_What you will do:_ Return the listing below verbatim. Pictures do not belong in the copy.

_Information shown:_
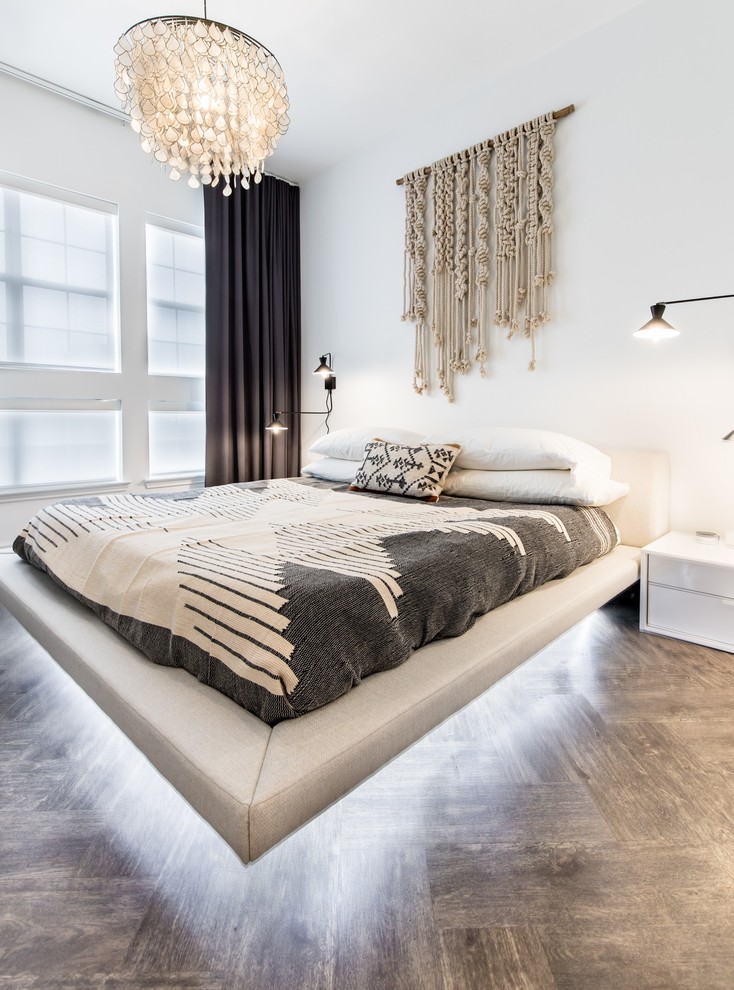 Immagine di una camera matrimoniale moderna di medie dimensioni con pareti bianche, pavimento in vinile e pavimento marrone
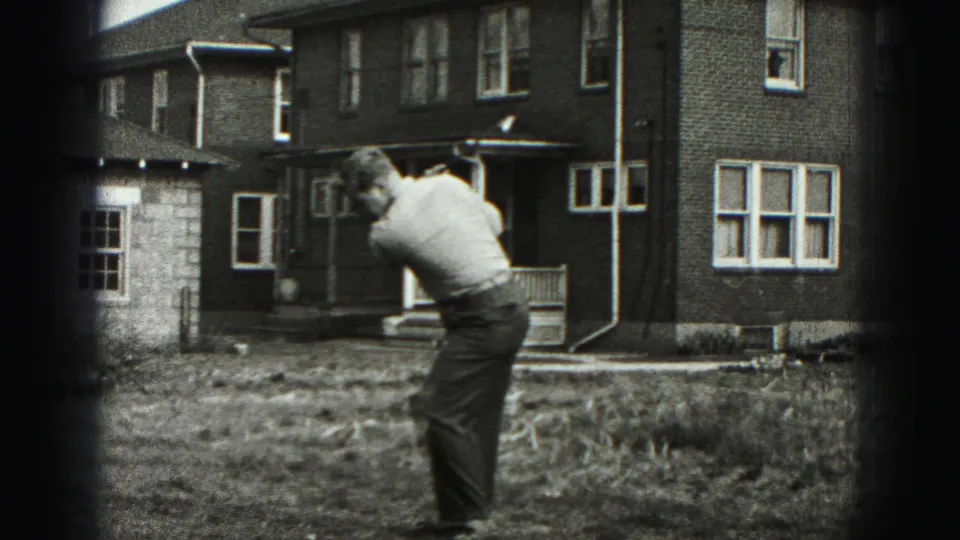 The man follows through on a backyard golf swing in 1946 home-movie footage, with a brick house behind him.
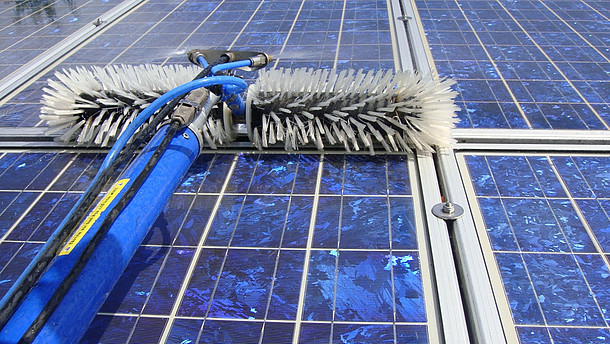 Solarmodule und Gerät zur Reinigung: Stiel mit Wasserschlauch und Stromkabel, vorne zwei Bürsten, mittig Spritzdüsen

_Result:_
 Immagine di una camera matrimoniale moderna di medie dimensioni con pareti bianche, pavimento in vinile e pavimento marrone
 The man follows through on a backyard golf swing in 1946 home-movie footage, with a brick house behind him.
 Solarmodule und Gerät zur Reinigung: Stiel mit Wasserschlauch und Stromkabel, vorne zwei Bürsten, mittig Spritzdüsen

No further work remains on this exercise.